DATA IN THIS EXERCISE –
+---+

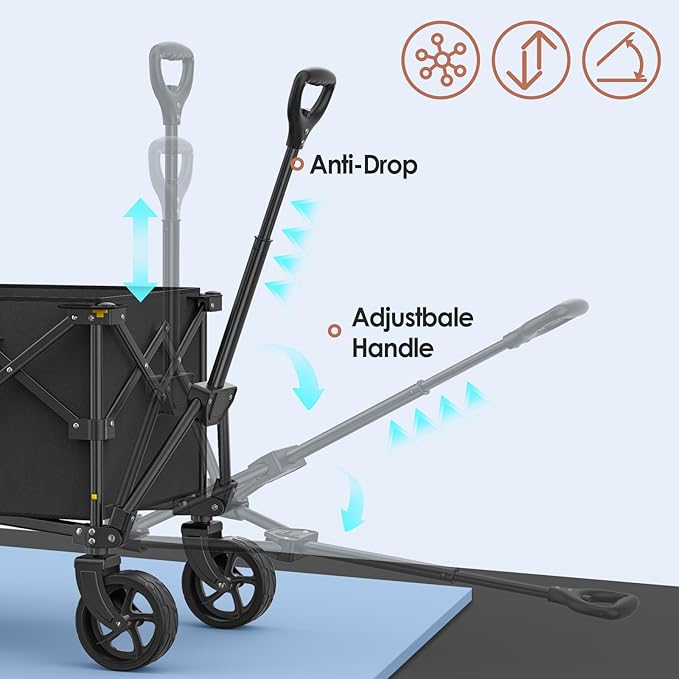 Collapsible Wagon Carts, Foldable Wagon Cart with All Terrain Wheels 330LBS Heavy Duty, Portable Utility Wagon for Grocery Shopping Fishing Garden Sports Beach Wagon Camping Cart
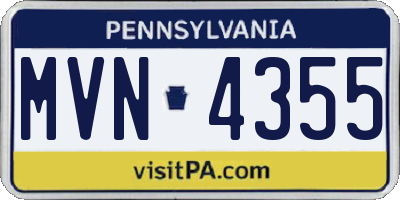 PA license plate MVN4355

+---+

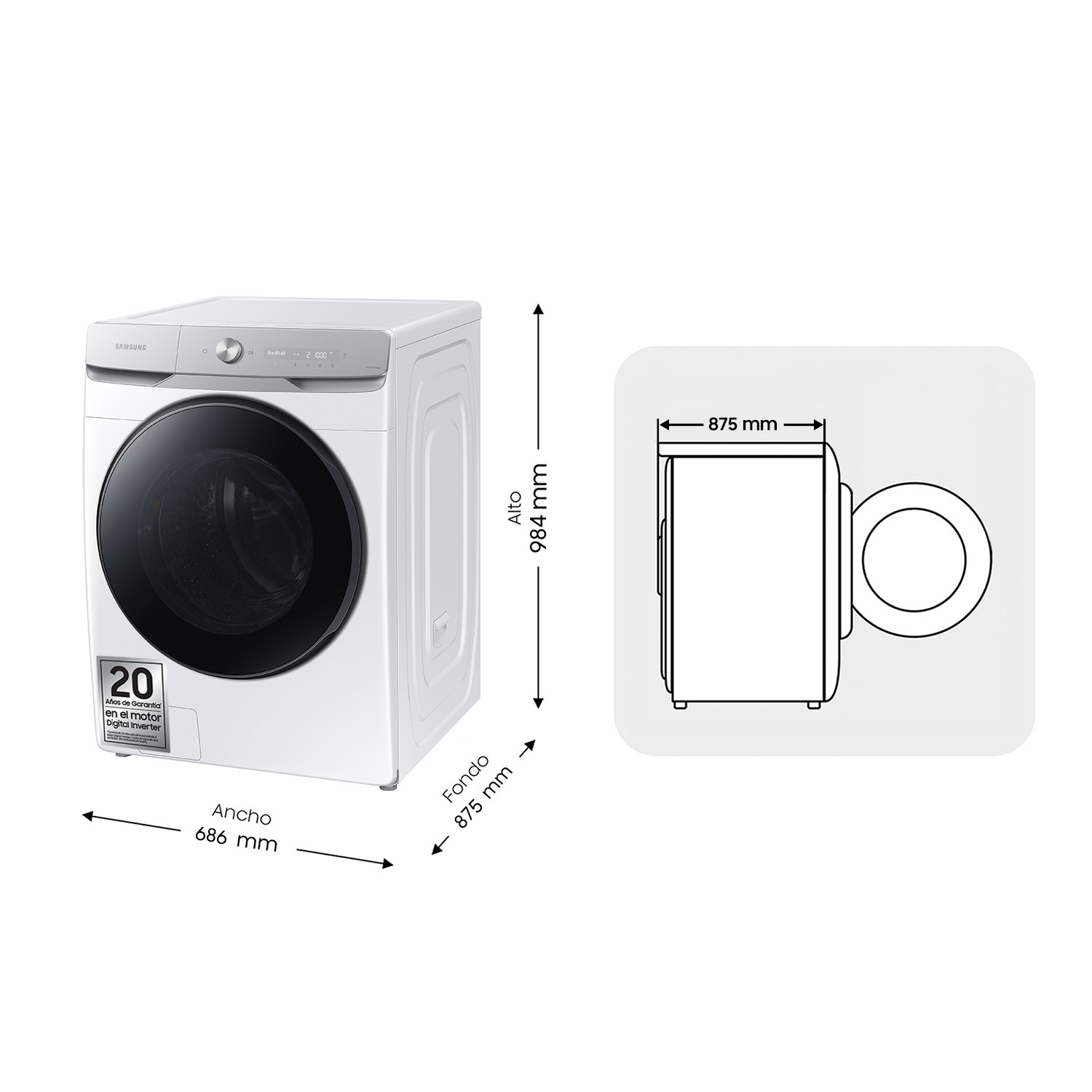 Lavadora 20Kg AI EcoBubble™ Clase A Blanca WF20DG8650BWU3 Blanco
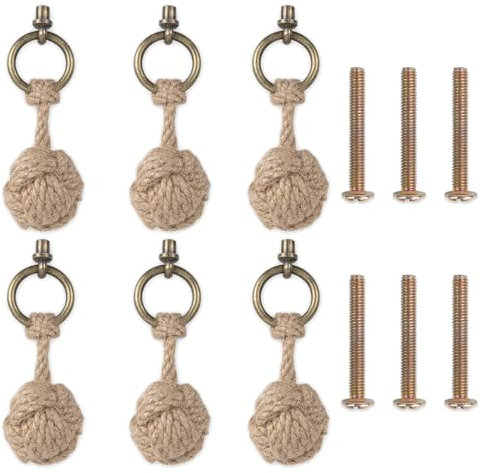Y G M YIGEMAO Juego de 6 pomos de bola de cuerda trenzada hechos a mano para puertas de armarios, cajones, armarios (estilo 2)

+---+

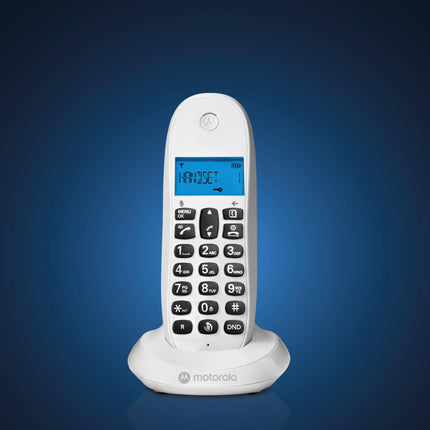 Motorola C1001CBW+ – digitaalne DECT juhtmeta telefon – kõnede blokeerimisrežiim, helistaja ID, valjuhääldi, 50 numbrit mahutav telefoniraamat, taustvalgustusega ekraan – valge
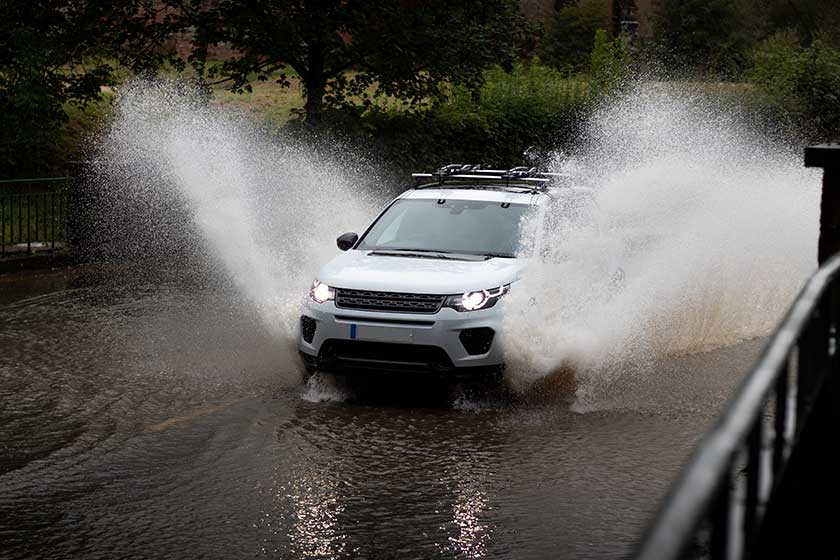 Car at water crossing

+---+

YOUR OBJECTIVE – Copy nothing but the lines above that run from the one with "Lavadora 20Kg AI" to the one with "Y G M YIGEMAO", ends included; pictures stay out.

WRITTEN SOLUTION –
 Lavadora 20Kg AI EcoBubble™ Clase A Blanca WF20DG8650BWU3 Blanco
Y G M YIGEMAO Juego de 6 pomos de bola de cuerda trenzada hechos a mano para puertas de armarios, cajones, armarios (estilo 2)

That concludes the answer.